ETS2 – nowa opłata za emisję CO₂
Jedną z największych zmian, jakie odczują gospodarstwa domowe, będzie system ETS2 (Emissions Trading System). Ma on wejść w życie od 2027 roku, nakładając podatek od emisji dwutlenku węgla ze spalania paliw kopalnych przez budynki mieszkalne oraz transport. Choć opłata będzie naliczana dostawcom paliw, to w praktyce jej koszt przełoży się na wyższe rachunki za ogrzewanie.
Jakie będą skutki ETS2?
- ETS2 ma na celu zmniejszenie emisji CO₂ w sektorze budowlanym i transportowym o 42% do 2030 roku w porównaniu z poziomem z 2005 roku.
- Gaz ziemny, jako paliwo mniej emisyjne, zostanie obciążony w mniejszym stopniu, jednak użytkownicy węgla i oleju opałowego odczują zmiany bardziej dotkliwie.
Według szacunków, w przypadku utrzymywania się wysokich cen paliw, system ETS2 może zostać wprowadzony dopiero w 2028 roku.
Alternatywy dla pieców gazowych
W obliczu zakazu pieców gazowych oraz nowych opłat za emisję CO₂, coraz więcej osób rozważa alternatywne metody ogrzewania. Najpopularniejsze rozwiązania to:
- Pompy ciepła – Są jednym z najbardziej ekologicznych źródeł ogrzewania. W Polsce ich popularność dynamicznie rośnie – w 2024 roku sprzedano ponad 200 tys. pomp ciepła, co stanowiło wzrost o 50% w porównaniu do roku poprzedniego.
- Fotowoltaika – Instalacje paneli słonecznych w połączeniu z pompą ciepła mogą niemal całkowicie uniezależnić gospodarstwo od paliw kopalnych.
- Systemy hybrydowe – Połączenie kotłów gazowych z odnawialnymi źródłami energii (np. kolektory słoneczne) pozwala na ograniczenie emisji CO₂ i spełnienie nowych norm.

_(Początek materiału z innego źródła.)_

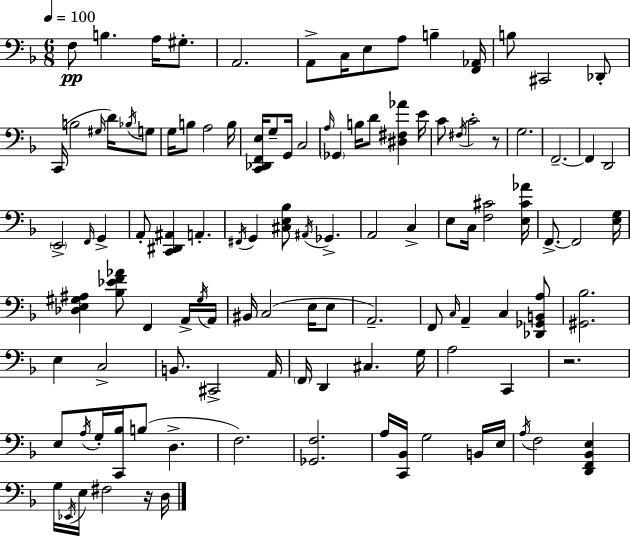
X:1
T:Untitled
M:6/8
L:1/4
K:F
F,/2 B, A,/4 ^G,/2 A,,2 A,,/2 C,/4 E,/2 A,/2 B, [F,,_A,,]/4 B,/2 ^C,,2 _D,,/2 C,,/4 B,2 ^G,/4 D/4 _B,/4 G,/2 G,/4 B,/2 A,2 B,/4 [C,,_D,,F,,E,]/4 G,/2 G,,/4 C,2 A,/4 _G,, B,/4 D/2 [^D,^F,_A] E/4 C/2 ^F,/4 C2 z/2 G,2 F,,2 F,, D,,2 E,,2 F,,/4 G,, A,,/2 [C,,^D,,^A,,] A,, ^F,,/4 G,, [^C,E,_B,]/2 ^A,,/4 _G,, A,,2 C, E,/2 C,/4 [F,^C]2 [E,^C_A]/4 F,,/2 F,,2 [E,G,]/4 [_D,E,^G,^A,] [_B,_EF_A]/2 F,, A,,/4 ^G,/4 A,,/4 ^B,,/4 C,2 E,/4 E,/2 A,,2 F,,/2 C,/4 A,, C, [_D,,_G,,B,,A,]/2 [^G,,_B,]2 E, C,2 B,,/2 ^C,,2 A,,/4 F,,/4 D,, ^C, G,/4 A,2 C,, z2 E,/2 A,/4 G,/4 [C,,_B,]/4 B,/2 D, F,2 [_G,,F,]2 A,/4 [C,,_B,,]/4 G,2 B,,/4 E,/4 A,/4 F,2 [D,,F,,_B,,E,] G,/4 _E,,/4 E,/4 ^F,2 z/4 D,/4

Jakie wsparcie oferuje państwo?
Polski rząd wprowadził programy wspierające wymianę pieców na bardziej ekologiczne źródła ciepła. W ramach programu „Czyste Powietrze” można uzyskać dofinansowanie na zakup pomp ciepła, termomodernizację budynków czy instalację fotowoltaiki. Od 2023 roku maksymalna kwota dotacji wynosi 79 tys. zł, co pozwala znacząco obniżyć koszty inwestycji.
Co to oznacza dla przeciętnego Polaka?
Zmiany w ogrzewaniu budynków są nieuniknione i będą miały znaczący wpływ na domowe budżety. Właściciele domów, którzy zdecydują się na modernizację systemu grzewczego, mogą liczyć na wsparcie finansowe, jednak początkowy koszt inwestycji nadal pozostaje wysoki. Warto jednak pamiętać, że ekologiczne rozwiązania nie tylko zmniejszają emisję CO₂, ale także mogą obniżyć rachunki za ogrzewanie w dłuższej perspektywie.